*** Block opens ***

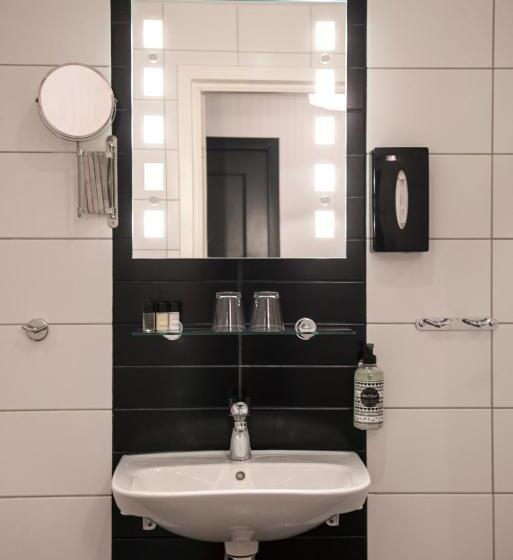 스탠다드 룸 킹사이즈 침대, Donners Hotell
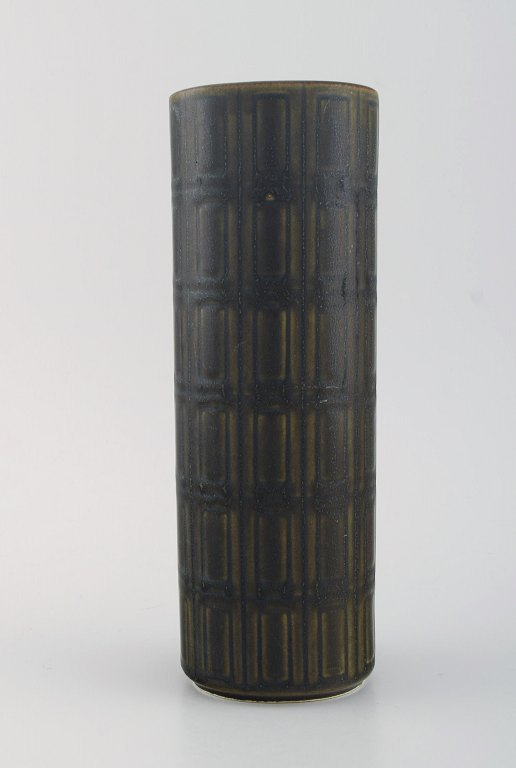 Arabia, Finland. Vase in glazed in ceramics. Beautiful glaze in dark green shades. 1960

*** Block closes ***
*** Block opens ***

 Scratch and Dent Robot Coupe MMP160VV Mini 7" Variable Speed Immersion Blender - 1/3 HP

*** Block closes ***
*** Block opens ***

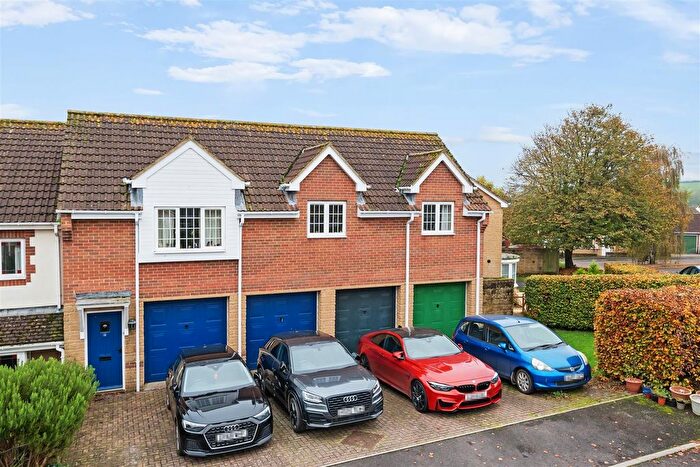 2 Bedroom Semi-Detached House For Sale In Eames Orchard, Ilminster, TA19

*** Block closes ***

ACTIVITY: In the data above, take the line with "스탠다드 룸 킹사이즈 침대, Donners Hotell", the line with "Arabia, Finland. Vase", and every line between, and set them down exactly without pictures.

YOUR RESPONSE:
 스탠다드 룸 킹사이즈 침대, Donners Hotell
 Arabia, Finland. Vase in glazed in ceramics. Beautiful glaze in dark green shades. 1960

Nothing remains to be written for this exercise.